The leader of the largest city in Canada, an admitted liar, crack user, and problem drinker, shrunk down to a hunk of wobbling plastic.
The man himself, smiling like Dean Martin at happy hour, autographs his likeness knowing this charity fundraiser simply underscores what he has always believed: there is no such thing as bad publicity.
When sex tapes can elevate socialites to A-list celebrities and an international shaming just means more money for a book deal, being the fodder of late night comics is the equivalent of a generous LinkedIn endorsement.
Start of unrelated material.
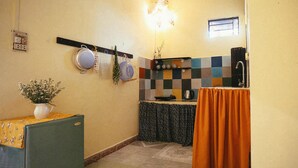A compact kitchen with a refrigerator, a sink, and a tiled backsplash.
Ford’s first reaction to being confronted by his own behavior is to lie. He did it when claiming not to have been at a hockey game where he verbally abused a young couple. He did it when asked if he was ever busted for marijuana possession. The only way Ford ever admits to what he’s done is when forced to by overwhelming evidence.
We would not tolerate this kind of behavior from a school crossing guard. We would throw a pastor from the pulpit if it happened in our churches.
Many of the people who lined up to buy a Ford bobblehead offered words of support to the Mayor.
“Don’t let the haters get you down,” said one man.
His supporters list his achievements like union peace, cutting taxes, and slashing councilor perquisites. But leadership is more than ticking off a list of to-dos, it requires trust and character. Ford, regardless how many little plastic yes-men he sells, has proven he struggles on both counts.
It is one thing that our television is full of anti-hero types who simultaneously make us cheer and cringe.
It is another thing entirely when the same type of characters become elected officials.
No amount of bobbleheads should make that entertaining.
Rob Ford is different. Rob Ford is a celebrity.